4. Materials and methods to study the processes of making semi-hard book covers
4. 1. Materials and equipment for making semi-hard covers with a rectangular contour geometry
The procedure for investigating the processes of making semi-hard covers implies the use of the mechanisms to apply an adhesive onto the structural components of covers, their
screw folding, and rotating pressing. For the manufacture of covers, we selected thin cardboard chrome-ersatz, a thickness of 0.6 mm (Ukraine), and the poly-vinyl-acetate dispersion PVAD DF 51/15B (Ukraine), which are widely used in the bookbinding processes.
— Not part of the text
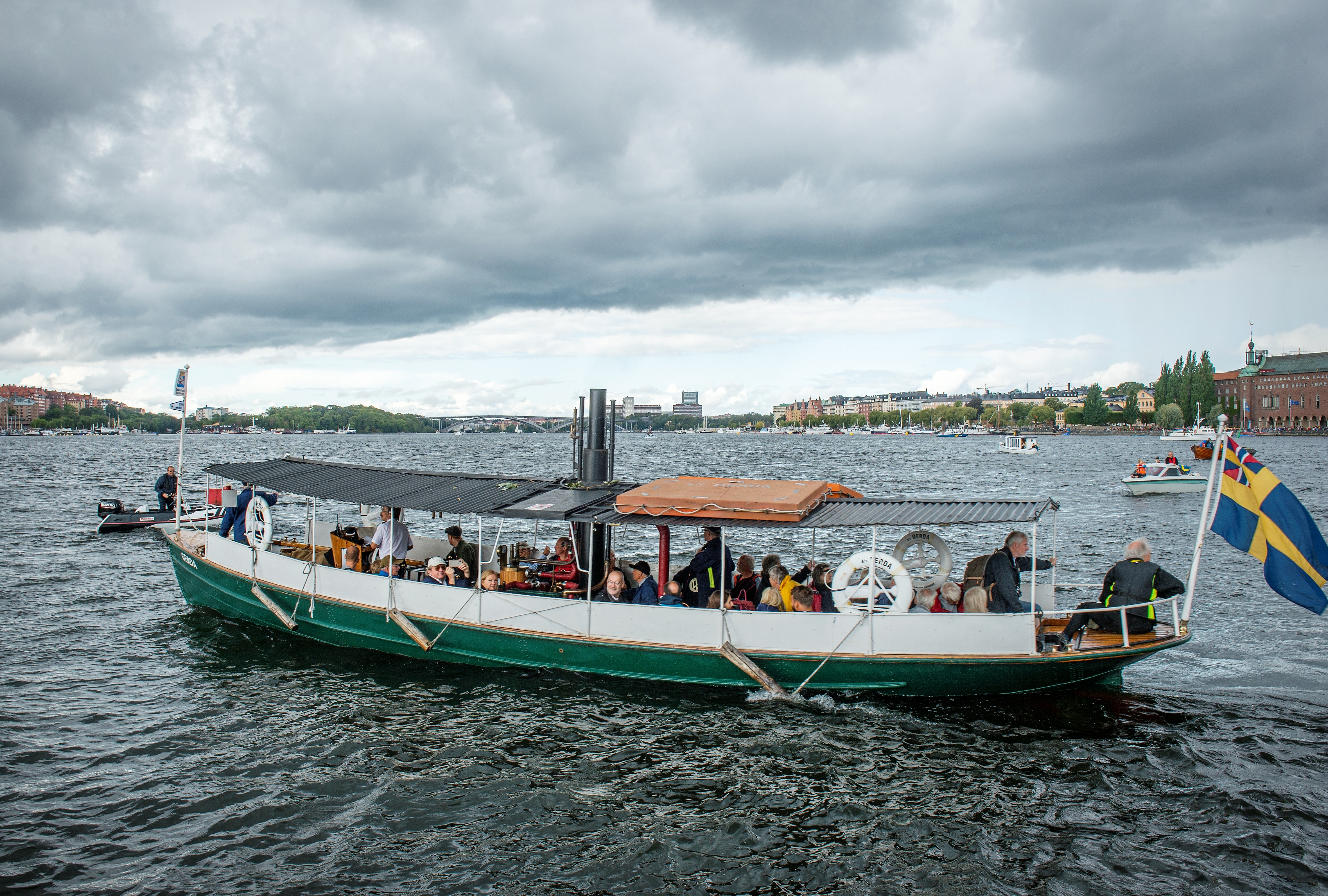 Gerda är en öppen låg ångslup med enkelt plåttak på stolpar. Skrovet är grönmålat med svart skorsten. På bilden är båten fylld med passagerare och i bakgrunden skymtar Riddarfjärden och Stockholms stadshus.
The roller-roll mechanisms used for experiments are the integral structural components in the scheme of a folding-gluing line that we designed to produce semi-hard covers. Unlike the equipment for the manufacture of book frames, which performs limited-speed technological processes, the line ensures the high-speed continuous technology for running the experiments.
It was taken into consideration that, after the application of an adhesive, in the process of screw folding, the edges and flaps are attached to the main plane of the cover, not at the same time but gradually, as they are folded in the folding device. Therefore, research depends on the preliminary settings and the stable operation of the roller-roll mechanism of rotating pressing, which should ensure the alignment of covers and prevent the displacement of edges and flaps.
A roller-roll section with an adjustable head of rotating pressing is shown in Fig. 4; it consists of the clamping rollers mounted on the drive shaft, having the option of moving along the shaft. As well as the supporting force shaft, rotating by the autonomous drive; it enables speed control during experiments.
4. 2. Materials and equipment for conducting experiments to strengthen the parts of the mechanism for the rotating pressing of covers
We have applied a procedure from [15] of the technological process to form a regular microrelief, which changes the structure of the surface zone of the metal of rollers in contrast to the core and which is carried out in several stages of the physical and mechanical treatment.
Initially, a constant regular microrelief is formed on the surface of rollers, with parametric indicators given in Table 2. The next stage of strengthening the near-surface layer of the rollers is a partially regular microrelief, whose technological difference is in the formation of slotted flat-parallel recesses, geometrically coordinated at an angle to the axis of rollers.
To perform experiments to strengthen the near-surface layer of the low-carbon steel rollers, we used the screw-cutting lathe 16K20. The clamping unit of the lathe spindle hosted the parts for further processing. In addition, the lathe support hosts the mounted machine [15], with clamps, which hold replaceable deforming matrices with the defined radii of the working areas. The matrices perform the surface plastic deformation with a constant radial effort when executing the feed motion along the axis of the matrix's displacements.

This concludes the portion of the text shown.